This white pages server is the second distinguished process in
Strongbox, and it provides name service to provide a mapping between
symbolic names and authentication information. The white pages
servers also possess authentication secrets so their identities can be
checked; these secrets are privacy protected by an operator-entered
key in much the same way that the file fingerprints are
integrity-protected by an operator-entered key. The name space is
partitioned and controlled according to user IDs from the underlying
operating system.
The Dyad Secure Coprocessor Project
The Dyad Secure Coprocessor Project demostrated the flexibility and
power of using secure coprocessors to protect the security critical
computation in a distributed system. Secure coprocessors are
essentially specially designed microcomputers that are packaged with
tamper-sensors, so that any attempt to physically probe the internal
state of the secure coprocessor will result in a complete resetting of
the secure coprocessor's internal state, keeping secrets secret by
erasing memory. Secure coprocessors plug into a host system, and make
use of host-side resources such as networking and disk storage.

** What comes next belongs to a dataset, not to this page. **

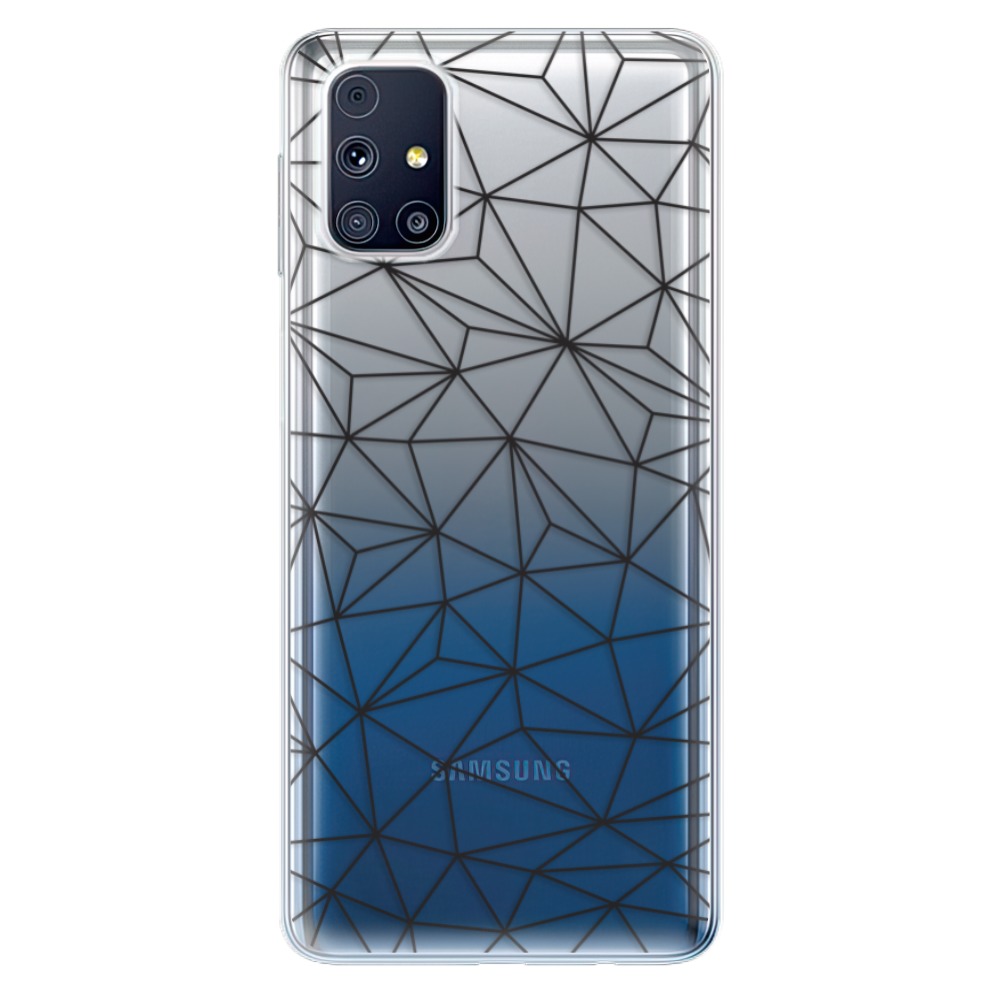 Odolné silikonové pouzdro iSaprio - Abstract Triangles 03 - black - Samsung Galaxy M31s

Secure coprocessors permit the bootstrapping of highly secure systems
such as Strongbox, since no trusted operator is required to protect
cryptographic keys. Furthermore, because secure coprocessors permit
arbitrary computations -- rather than just protecting or verifying
file fingerprints -- to be performed, they permit a much more general
form of secure distributed computation: a process running inside of a
secure coprocessor has an execution environment that is protected by
the manufacturer of the secure coprocessor, which we assume is a
widely trusted third party.
In the Dyad work, I ported the Mach microkernel operating system to
Citadel, a prototype secure coprocessor from IBM research, and
demonstrated the ability to run very secure applications in that
environment, using the hardware-provided tamper-sensing security to
derive higher level security properties. Each secure coprocessor has
its own unique public key which is certified by its manufacturer.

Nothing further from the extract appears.